Forrest W Young - Collected Quotes

"A boxplot is a dotplot enhanced with a schematic that provides information about the center and spread of the data, including the median, quartiles, and so on. This is a very useful way of summarizing a variable's distribution. The dotplot can also be enhanced with a diamond-shaped schematic portraying the mean and standard deviation (or the standard error of the mean)." (Forrest W Young et al, "Visual Statistics: Seeing data with dynamic interactive graphics", 2016)
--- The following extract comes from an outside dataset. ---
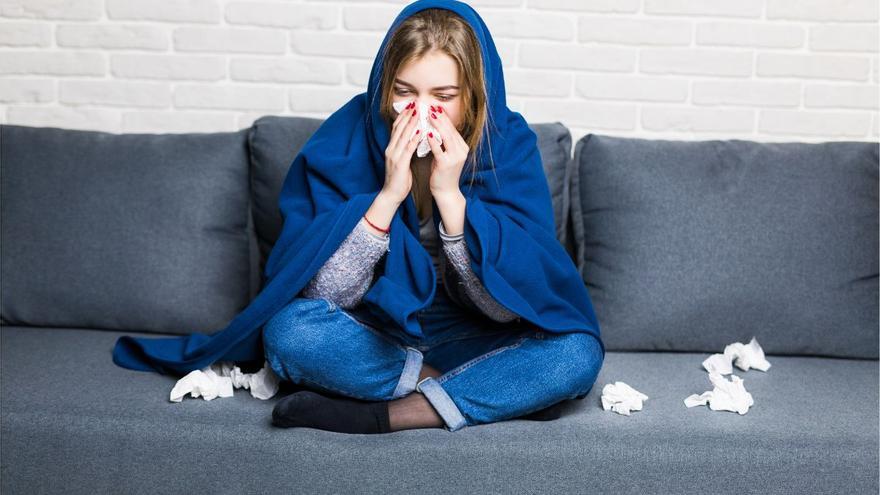 Estos dos remedios caseros son los únicos que funcionan contra la gripe, según una médica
"A scatterplot reveals the strength and shape of the relationship between a pair of variables. A scatterplot represents the two variables by axes drawn at right angles to each other, showing the observations as a cloud of points, each point located according to its values on the two variables. Various lines can be added to the plot to help guide our search for understanding." (Forrest W Young et al, "Visual Statistics: Seeing data with dynamic interactive graphics", 2016)
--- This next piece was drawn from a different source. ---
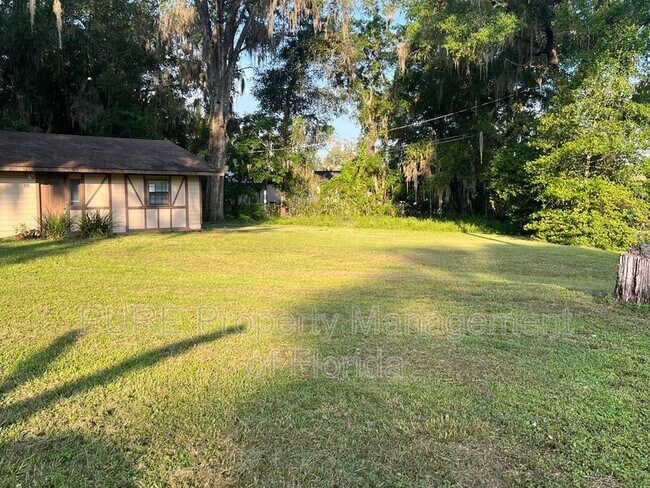 Foto del edificio - 5620 SE 109th St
"A statistical hypothesis is a statement that specifies a set of possible distributions of the data variable x. In hypothesis testing, the goal is to see if there is sufficient statistical evidence to reject a presumed null hypothesis in favor of a conjectured alternative hypothesis. Confirmatory statistics used the formalisms of mathematical proofs, theorems, derivations, and so on, to provide a firm mathematical foundation for hypothesis testing."(Forrest W Young et al, "Visual Statistics: Seeing data with dynamic interactive graphics", 2016)

"After all, we do agree that statistical data analysis is concerned with generating and evaluating hypotheses about data. For us, generating hypotheses means that we are searching for patterns in the data - trying to 'see what the data seem to say'. And evaluating hypotheses means that we are seeking an explanation or at least a simple description of what we find - trying to verify what we believe we see." (Forrest W Young et al, "Visual Statistics: Seeing data with dynamic interactive graphics", 2016)
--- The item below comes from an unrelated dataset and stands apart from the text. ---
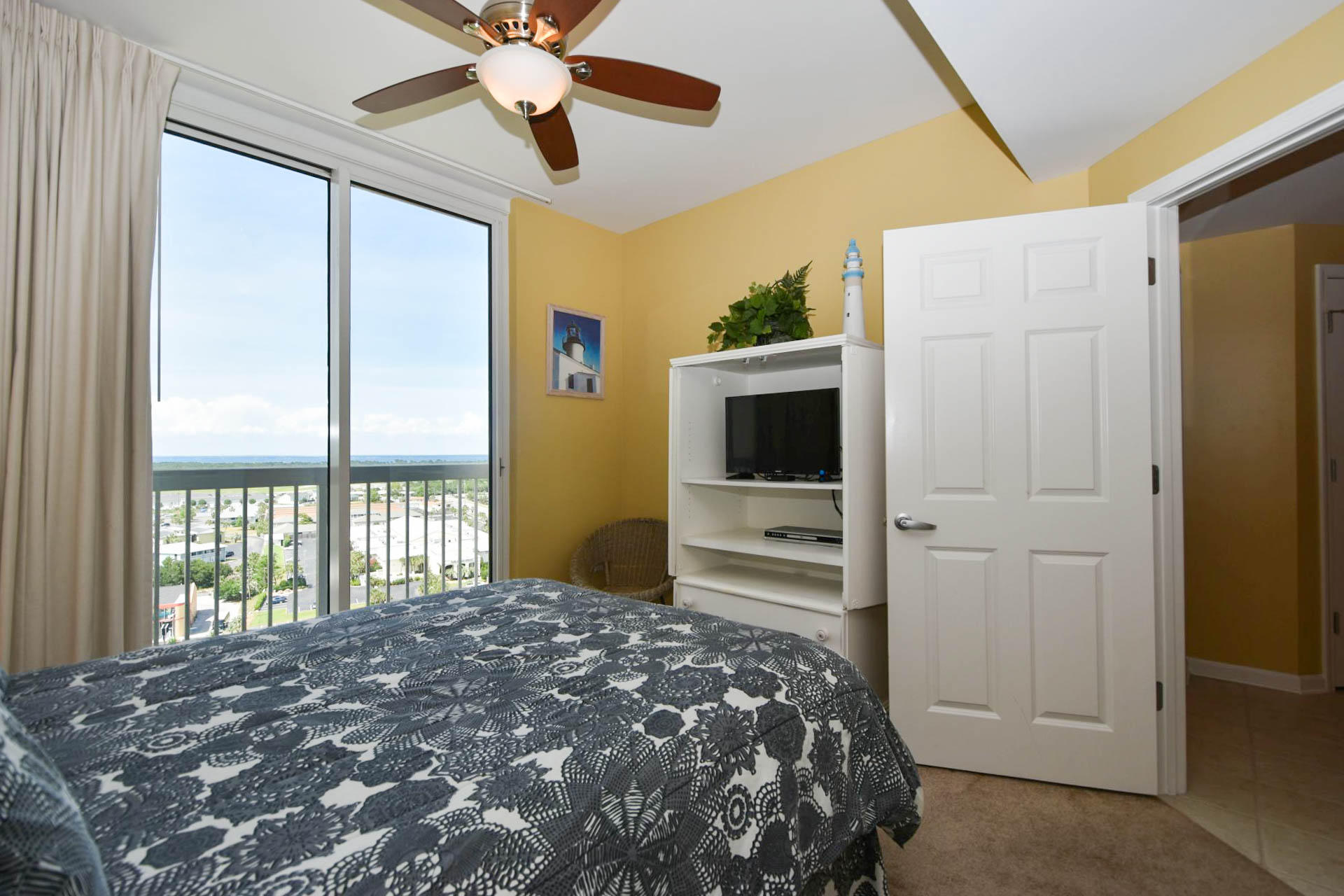 SILVER BEACH TOWERS WEST - Residential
"Commonly, data do not make a clear and unambiguous statement about our world, often requiring tools and methods to provide such clarity. These methods, called statistical data analysis, involve collecting, manipulating, analyzing, interpreting, and presenting data in a form that can be used, understood, and communicated to others." (Forrest W Young et al, "Visual Statistics: Seeing data with dynamic interactive graphics", 2016)

"Exploring data generates hypotheses about patterns in our data. The visualizations and tools of dynamic interactive graphics ease and improve the exploration, helping us to 'see what our data seem to say'." (Forrest W Young et al, "Visual Statistics: Seeing data with dynamic interactive graphics", 2016)

"Histograms and frequency polygons display a schematic of a numeric variable's frequency distribution. These plots can show us the center and spread of a distribution, can be used to judge the skewness, kurtosis, and modicity of a distribution, can be used to search for outliers, and can help us make decisions about the symmetry and normality of a distribution." (Forrest W Young et al, "Visual Statistics: Seeing data with dynamic interactive graphics", 2016)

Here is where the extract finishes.